Die Grundschule an der Kirche St. Katharinen soll abgerissen werden, um Platz für Wohnen und Arbeiten zu schaffen. Gestern wurde der Entwurf des Wettbewerbs-Siegers vorgestellt

VON MAXIMILIAN PROBST

Hinten rauscht der Verkehr der Willy-Brandt-Straße. Nach vorne öffnet sich die Grundschule an der St. Katharinenkirche fast idyllisch auf Hamburgs ältestes Kirchspiel. Wahrscheinlich nicht mehr lange. Denn die Schule wird bald in die Hafencity umziehen. Der exemplarische 50er Jahre-Bau soll abgerissen werden. Auf dem Gelände plant die Hochtief Projektentwicklung bis 2011 ein neues Stadtquartier mit Wohn- und Geschäftsraum.

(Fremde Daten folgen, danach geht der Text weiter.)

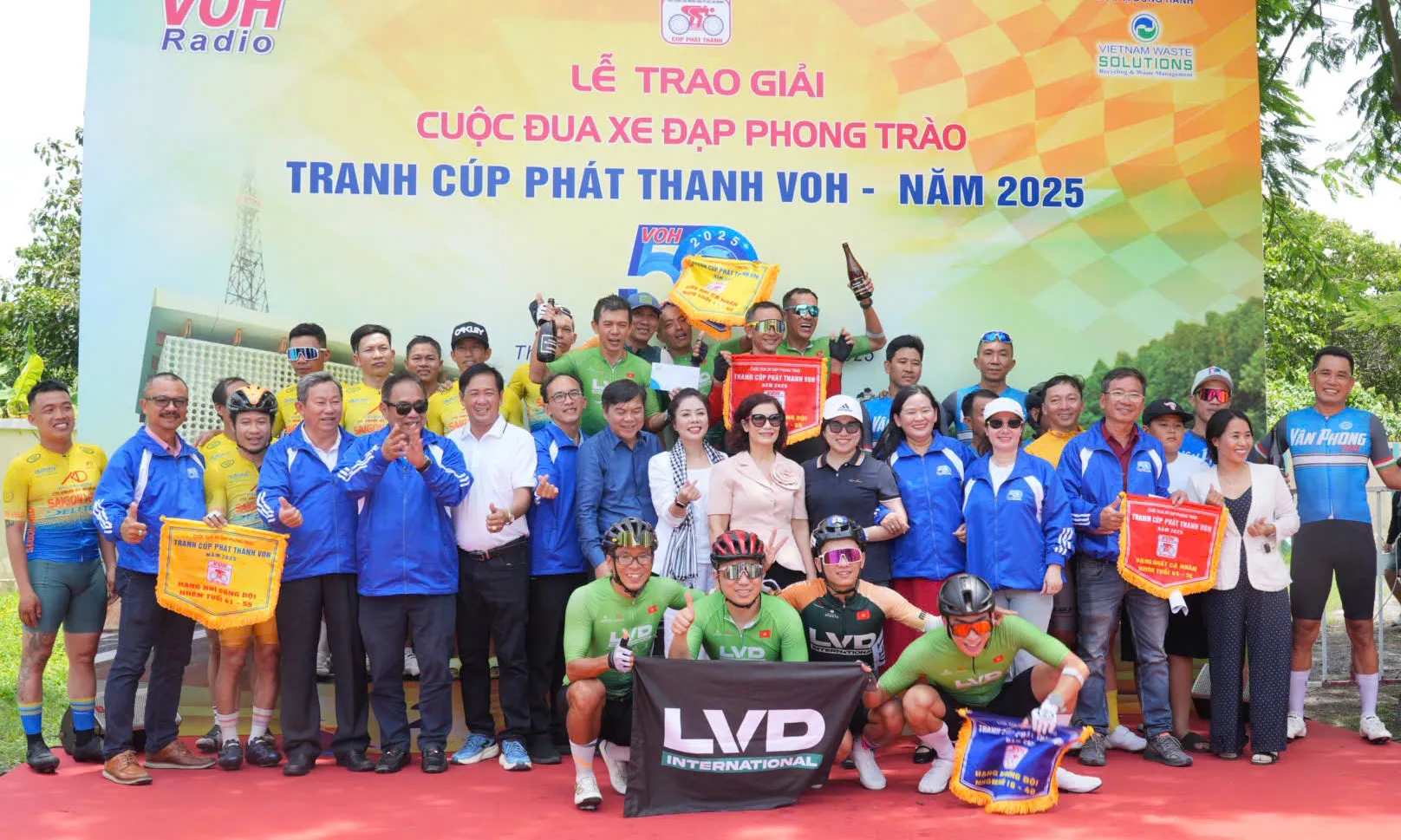 Kịch tính đường đua 40km: Xe đạp phong trào “Tranh Cúp VOH 2025” về đích ấn tượng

Gestern wurde der Siegerentwurf für das Stadtquartier in der Katharinenkirche vorgestellt. Er stammt von den Architekten Darlington Maier aus Zürich und sieht vor, das 8.500 Quadratmeter große Gelände mit drei etwa gleich großen Baukörpern zu bestücken, die sich um einen Innenhof gruppieren. Nach Norden soll ein Gebäuderiegel das Areal zur Willy-Brandt-Straße abschirmen. Die beiden anderen fünf- bis sechsgeschossigen Baukörper sollen sich in aufgelockerter Form bis zur Kirche erstrecken und Platz für rund 120 Eigentums- und Mietwohnungen bieten. Insgesamt sind etwa 22.000 Quadratmeter oberirdische Grundfläche geplant, wovon 60 Prozent auf die Wohnbebauung fallen sollen.

Das ist es, was Markus Schreiber, Leiter des Bezirksamts Mitte, besonders überzeugte. „Wir brauchen mehr Wohnungen in der Stadt, um eine lebendige City zu bekommen“, sagte er gestern bei der Präsentation des Entwurfs. Einige Erfolge habe man in den letzten Jahren schon erzielt. Während 1986 die Einwohnerzahl von Hamburg-Mitte noch bei knapp 10.000 gelegen habe, seien 2006 bereits 11.700 Bewohner gemeldet gewesen, ein Zuwachs von fast 20 Prozent.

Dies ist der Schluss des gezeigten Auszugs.